■ Exercise directions ■
All records below should be repeated exactly, with the pictures left out.

■ Data for analysis ■
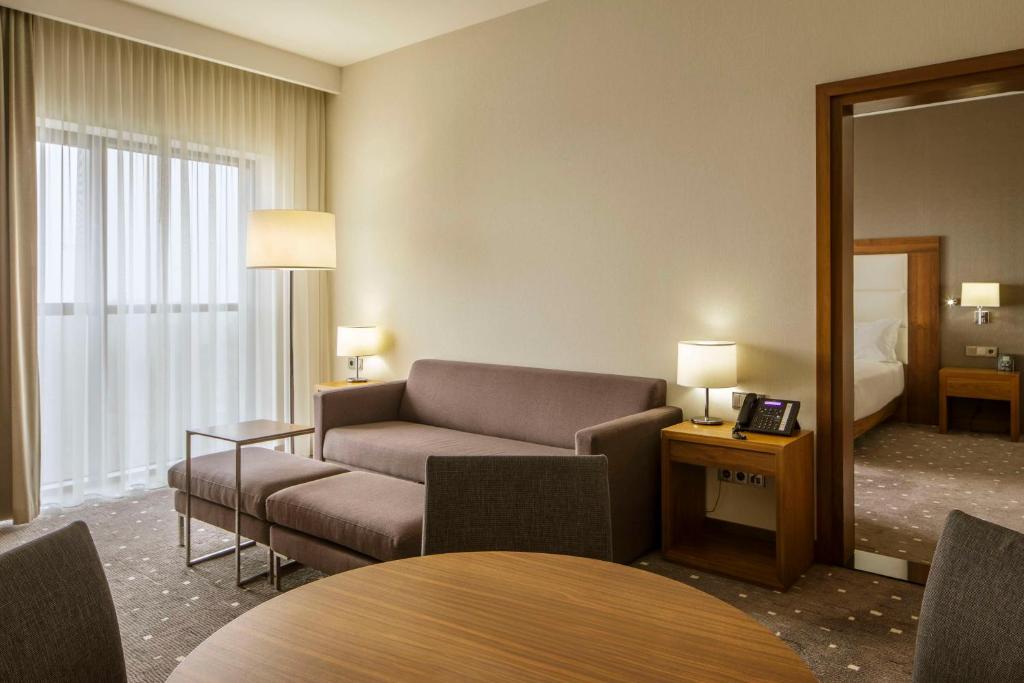 DoubleTree by Hilton Lódz - Resim 31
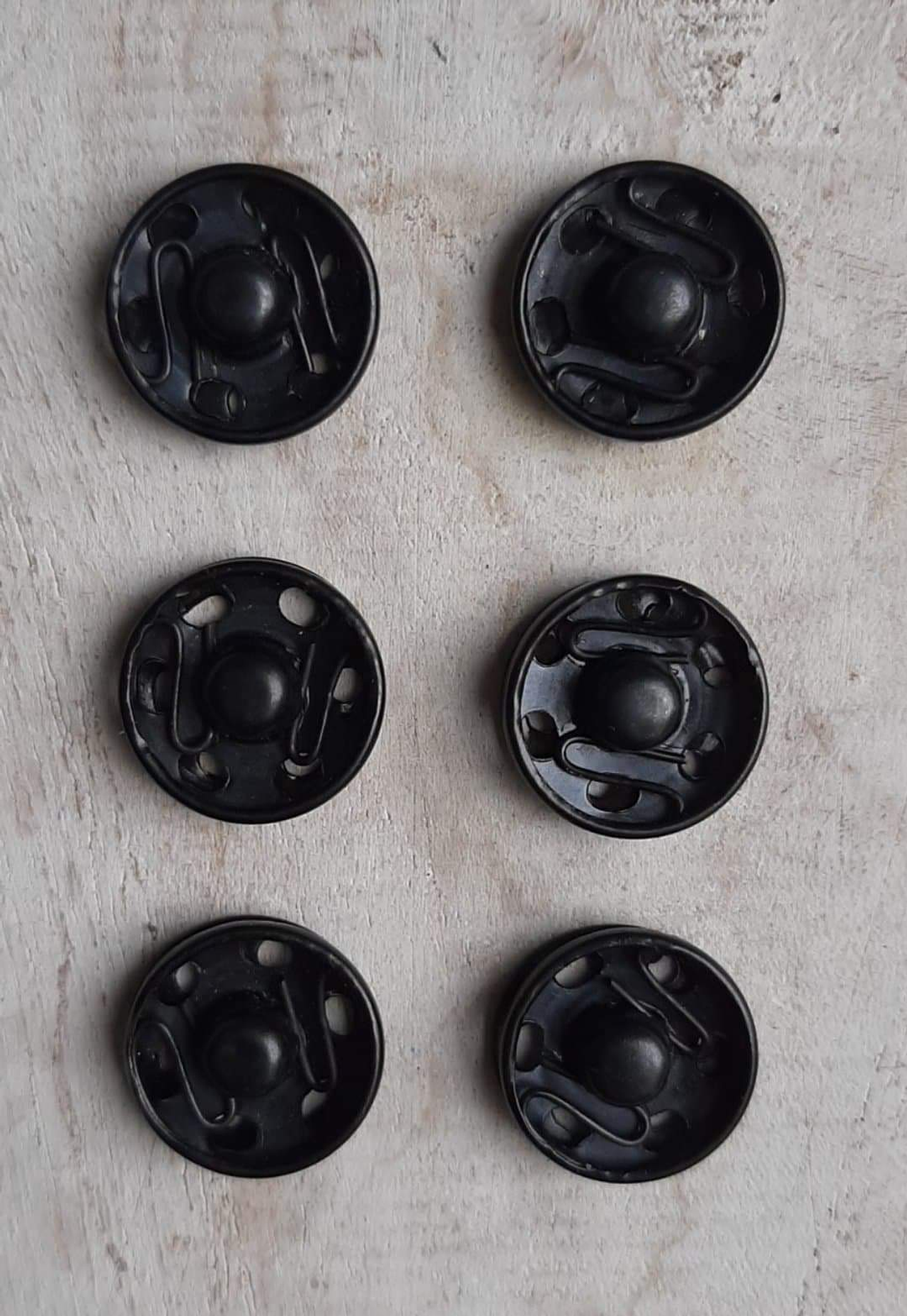 Set 6 broches a presión negro 1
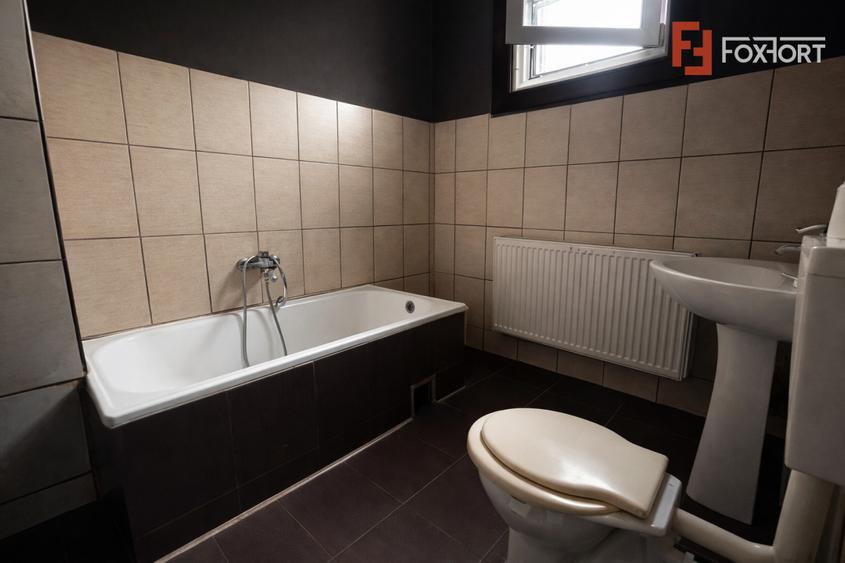 Apartament 3 camere, semidecomandat, etajul 1, Ultracentral-Arad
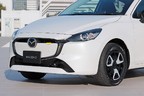 マツダ MAZDA2 15 BD（ボディカラー：スノーフレークホワイトパールマイカ）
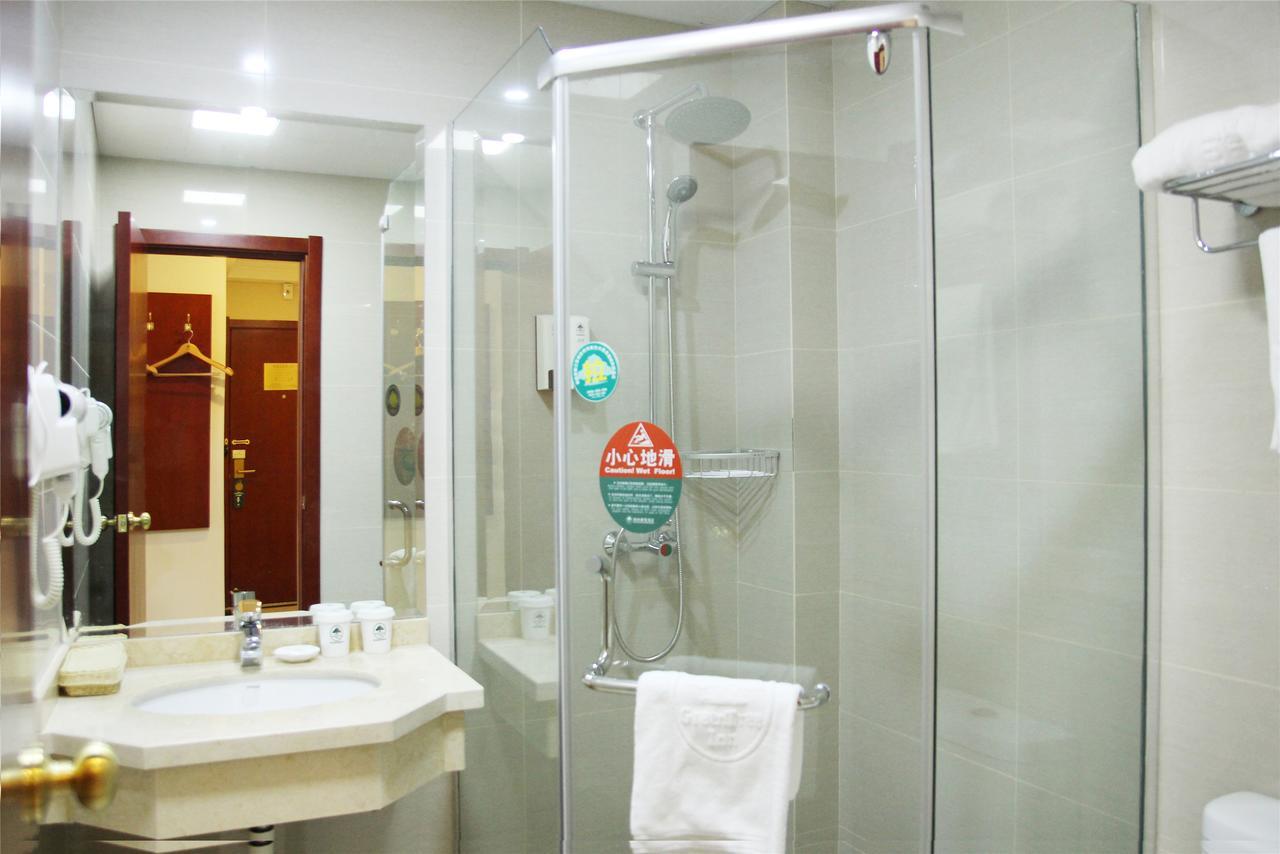 Greentree Inn Anhui Wuhu Zhongshan Road Pedestrian Street Express Hotel Kültér fotó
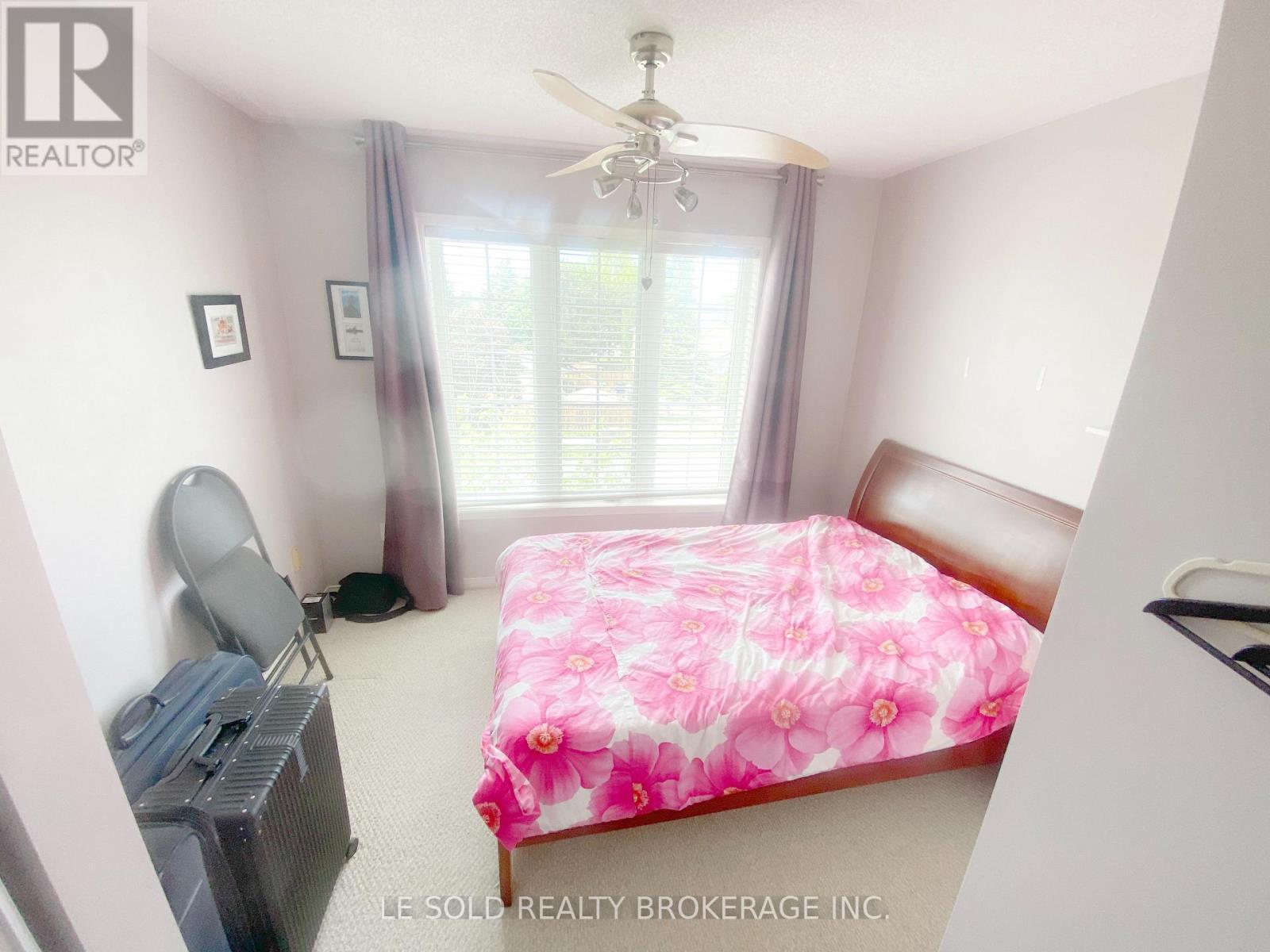 888 Scollard Court, Mississauga, Ontario  L5R 2R5 - Photo 19 - W13444030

■ Result for this task ■
 DoubleTree by Hilton Lódz - Resim 31
 Set 6 broches a presión negro 1
 Apartament 3 camere, semidecomandat, etajul 1, Ultracentral-Arad
 マツダ MAZDA2 15 BD（ボディカラー：スノーフレークホワイトパールマイカ）
 Greentree Inn Anhui Wuhu Zhongshan Road Pedestrian Street Express Hotel Kültér fotó
 888 Scollard Court, Mississauga, Ontario  L5R 2R5 - Photo 19 - W13444030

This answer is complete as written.